PROBLEM DESCRIPTION: Below, some lines carry pictures; leave those pictures out and retype exactly the lines from the one with "9CT GOLD HALLMARKED" through the one with "Black metal ceiling-mounted".
━━━━━ EXERCISE MATERIALS ━━━━━
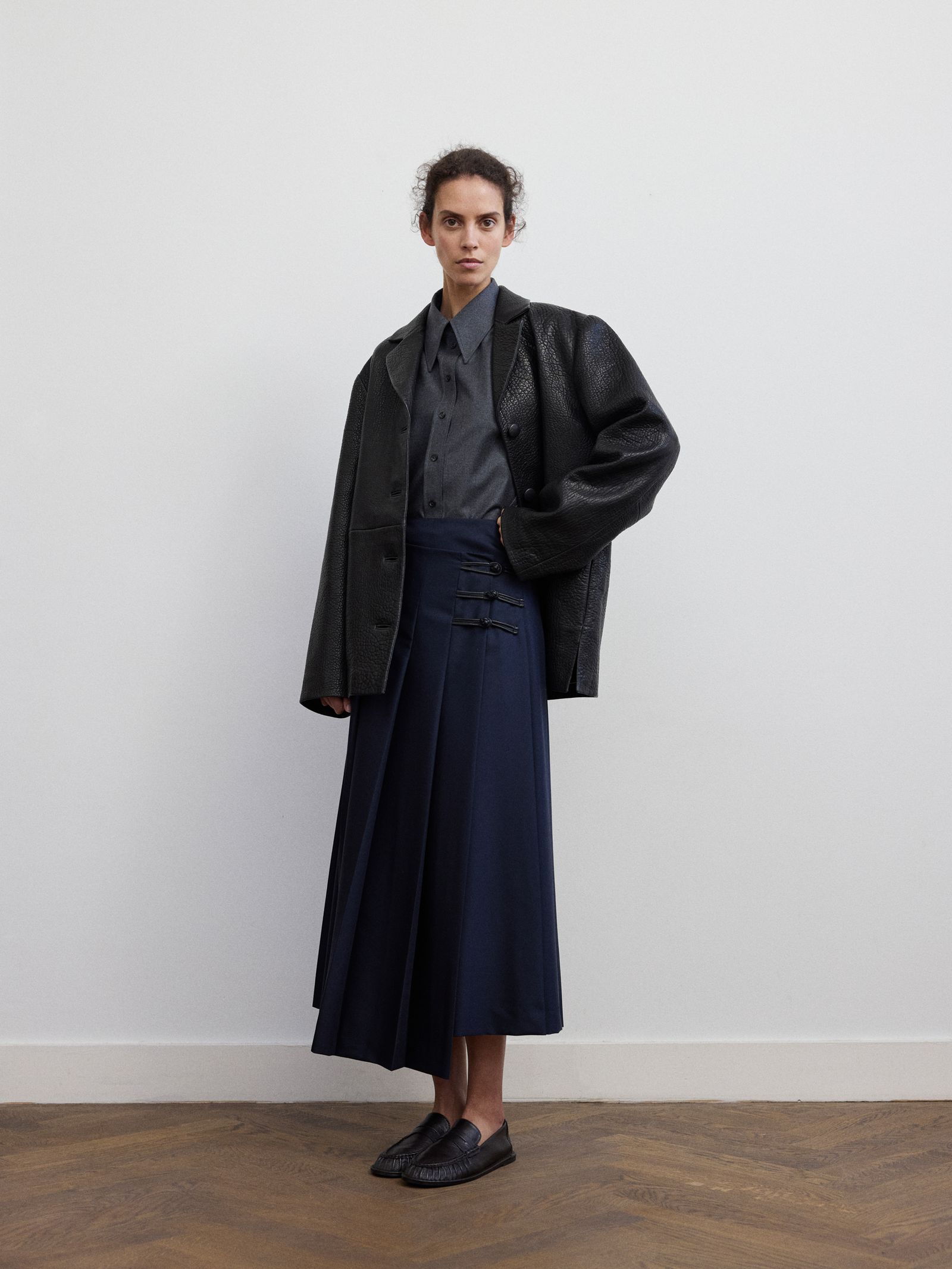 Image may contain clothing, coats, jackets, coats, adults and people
━━━━━
━━━━━ EXERCISE MATERIALS ━━━━━
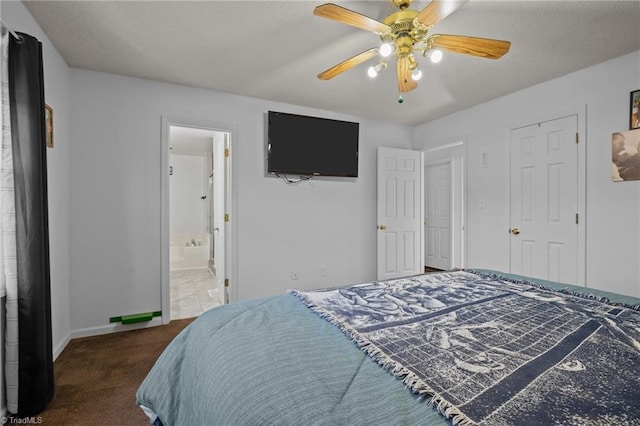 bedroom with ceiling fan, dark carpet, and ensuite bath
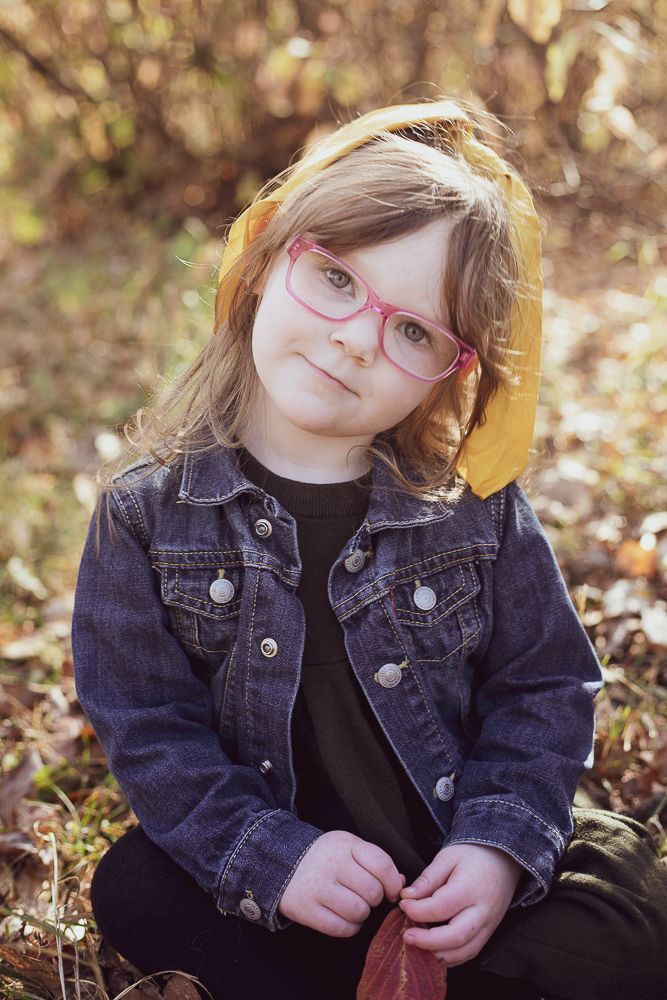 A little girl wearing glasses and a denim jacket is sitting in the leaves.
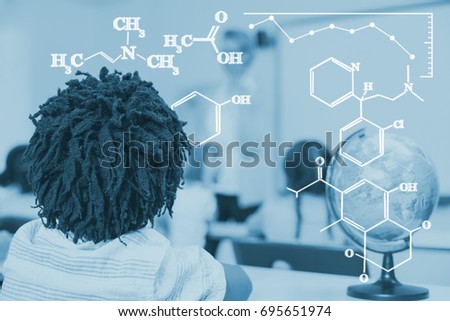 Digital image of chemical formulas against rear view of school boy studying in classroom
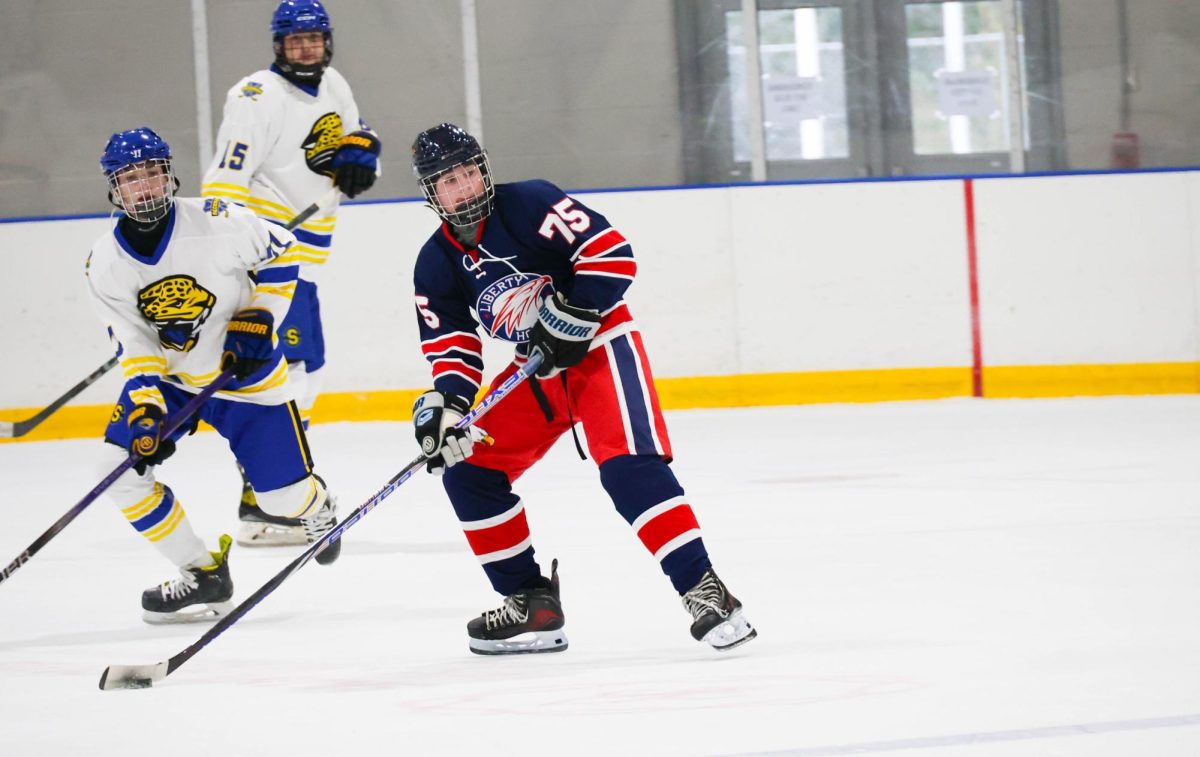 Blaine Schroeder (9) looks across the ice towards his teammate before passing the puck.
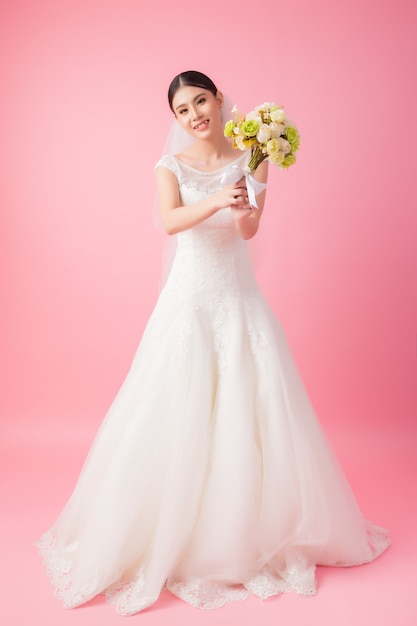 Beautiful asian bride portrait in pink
━━━━━
━━━━━ EXERCISE MATERIALS ━━━━━
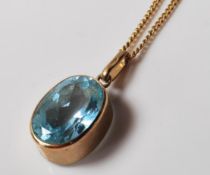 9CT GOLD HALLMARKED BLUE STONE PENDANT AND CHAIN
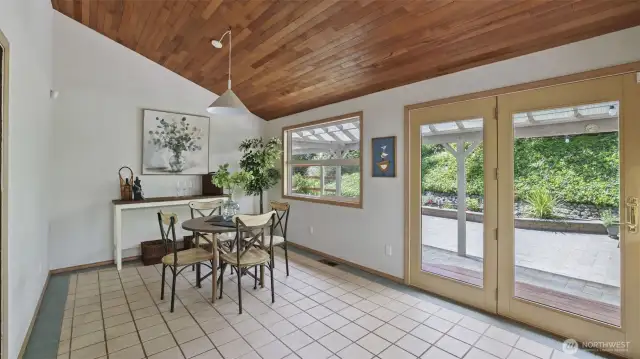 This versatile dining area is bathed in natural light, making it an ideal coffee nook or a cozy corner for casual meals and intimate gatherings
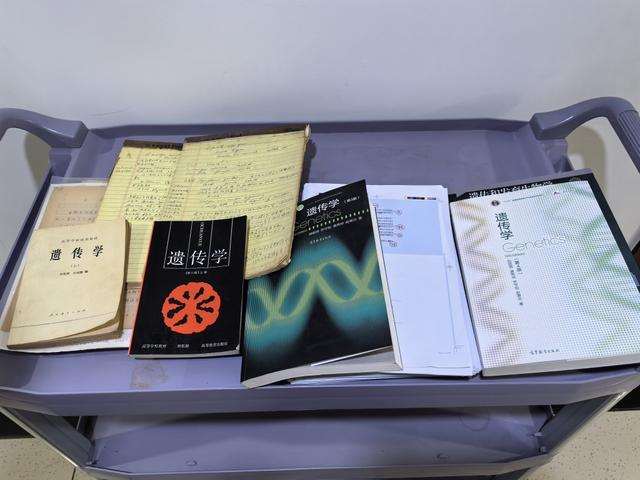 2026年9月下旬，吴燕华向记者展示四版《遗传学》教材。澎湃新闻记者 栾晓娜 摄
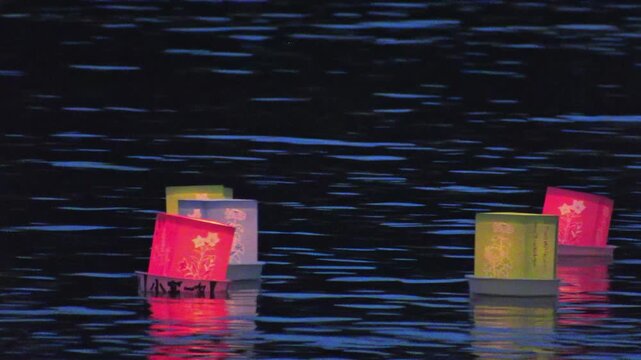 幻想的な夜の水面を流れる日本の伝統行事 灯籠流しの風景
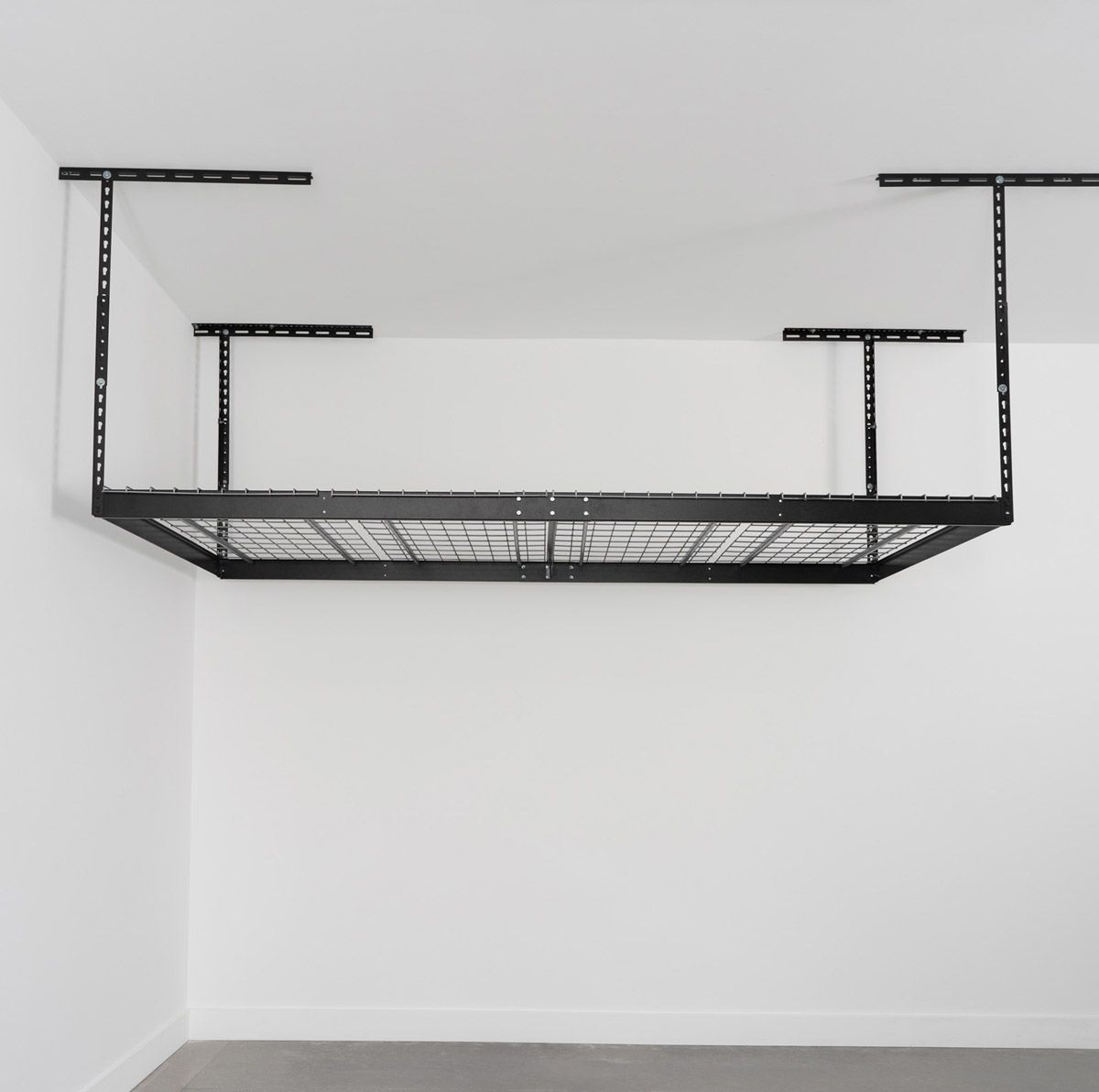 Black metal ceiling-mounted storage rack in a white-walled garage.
━━━━━
EXERCISE OUTPUT:
 9CT GOLD HALLMARKED BLUE STONE PENDANT AND CHAIN
 This versatile dining area is bathed in natural light, making it an ideal coffee nook or a cozy corner for casual meals and intimate gatherings
 2026年9月下旬，吴燕华向记者展示四版《遗传学》教材。澎湃新闻记者 栾晓娜 摄
 幻想的な夜の水面を流れる日本の伝統行事 灯籠流しの風景
 Black metal ceiling-mounted storage rack in a white-walled garage.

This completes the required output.